_YOUR GOAL_
Copy out, unchanged, the entries below from the "KONA Rove Red 56 cm" line to the final line. Omit pictures.

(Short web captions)

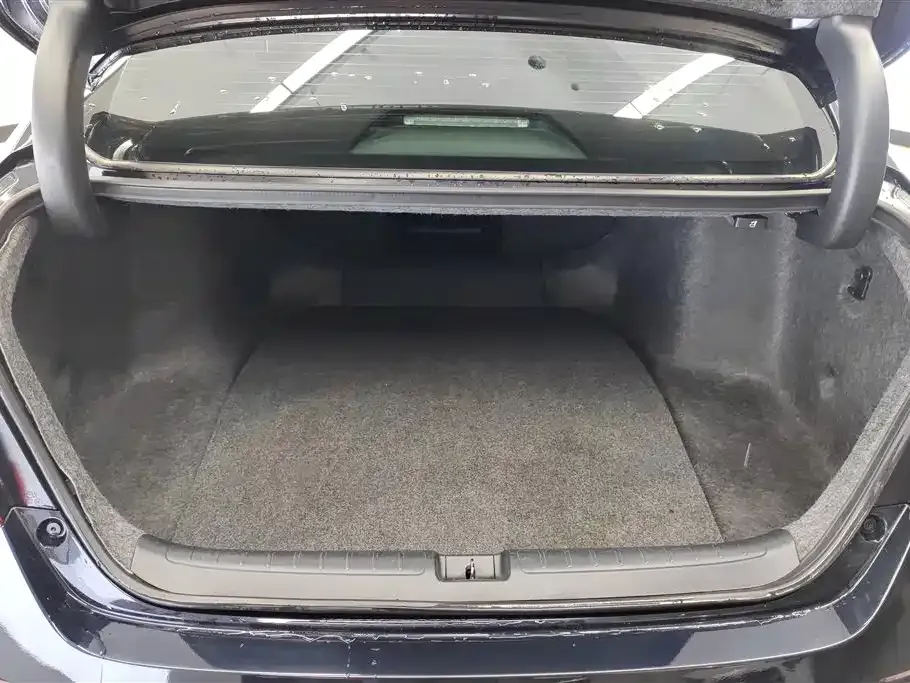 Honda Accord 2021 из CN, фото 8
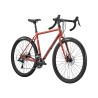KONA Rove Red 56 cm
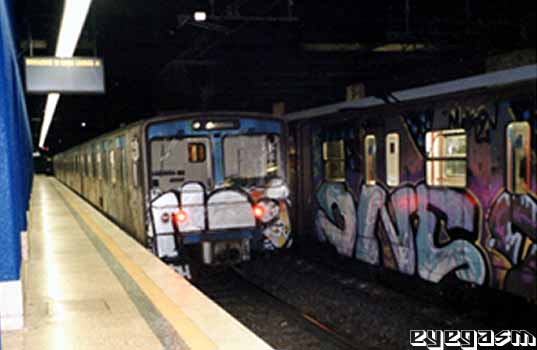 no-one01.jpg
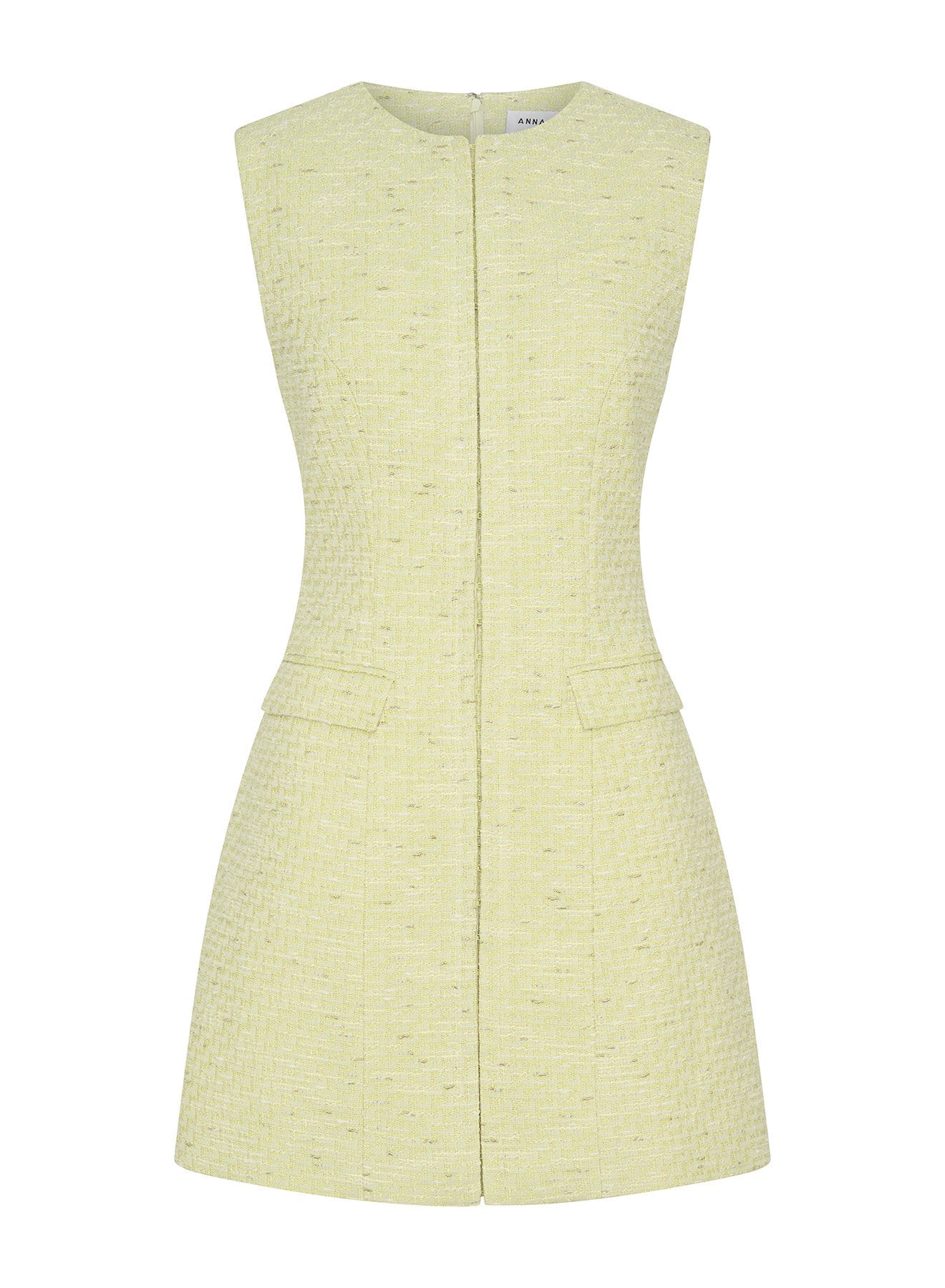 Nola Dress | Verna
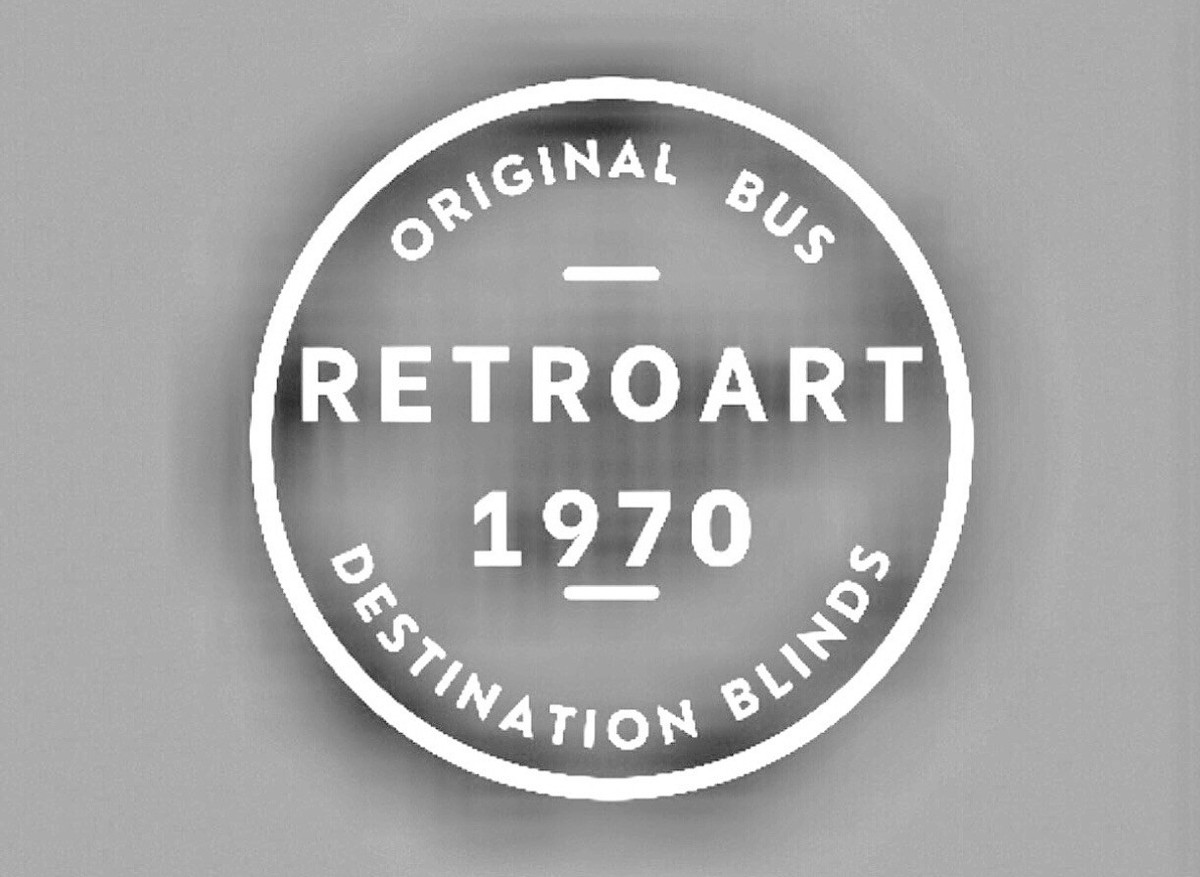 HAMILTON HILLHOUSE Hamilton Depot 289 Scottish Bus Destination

_WRITTEN REPLY_
KONA Rove Red 56 cm
 no-one01.jpg
 Nola Dress | Verna
 HAMILTON HILLHOUSE Hamilton Depot 289 Scottish Bus Destination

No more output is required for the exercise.